Although they’re not yet certain if it’s because LEED
buildings are more attractive to visit or because their employees are
more satisfied, and consequently providing better service, Conlon and
Glavas find that sustainability equals a big difference to the bottom
line at LEED bank branches— $461,300 per
employee after controlling for other variables that influence
performance (e.g., consumer net worth, employee demographics, market
demographics, size and age of branch, marketing spend).
The findings support a growing body of research that shows social
responsibility and sustainability don’t have to be sacrificed for the
sake of profitability.

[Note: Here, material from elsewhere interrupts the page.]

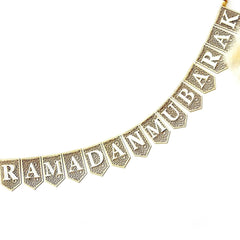 Cliths Ramadan Mubarak Wooden Banner Islamic Wall Decor Eid Arabic Calligraphy Lightweight Hanging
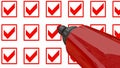 Red marker pen Royalty Free Stock Photo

In fact, companies increasingly are finding just
the opposite: They can achieve revenue or job growth while maintaining a
high environmental and social impact.
“It’s a significant finding, and it surprised me,” says Conlon,
associate dean and Sorin Society Professor of Management. “We compared
the amount of money deposited at LEED and non-LEED branches, and we found more money has been deposited in the LEED branches. We divided the amount by the branches’ total number of employees to come up with a per-employee dollar amount.”
Most other studies on the business impact of sustainability have been
conducted by companies whose products have ties to environmental
concerns or that have become more sustainable as a reaction to
stakeholder pressure and regulation, the researchers point out. Banks
have no such ties, so whether considering a checking account, savings
account or loan, the bank’s sustainable strategy – or lack thereof –
doesn’t directly affect the product.
Furthermore, PNC’s sustainability
strategy was not reactionary, but rather a voluntary and visionary move
to enhance its reputation, physical banking and working environment, as
well as build pride among employees.
Also, says Conlon, the study uses firm accounting data to determine
financial effects, while most others examine changes in market
valuation. He says PNC was the ideal subject for their research for several reasons.
“PNC has built more than 100 LEED-certified buildings, which is more than any other U.S. company,” Conlon says. “So, PNC is perfect for a LEED
study because they have a lot of them and the branches all do the same
thing — same products, same systems — the only thing that’s different is
the LEED strategy.”
The researchers say the strategy is working, whether it’s because the
buildings look better or the people inside are more fulfilled.
“We think it’s a mix of the two,” Glavas says. “People are certainly proud to be working in LEED buildings.”
“Suffice it to say, I think PNC is getting a payback on its LEED investment,” Conlon says.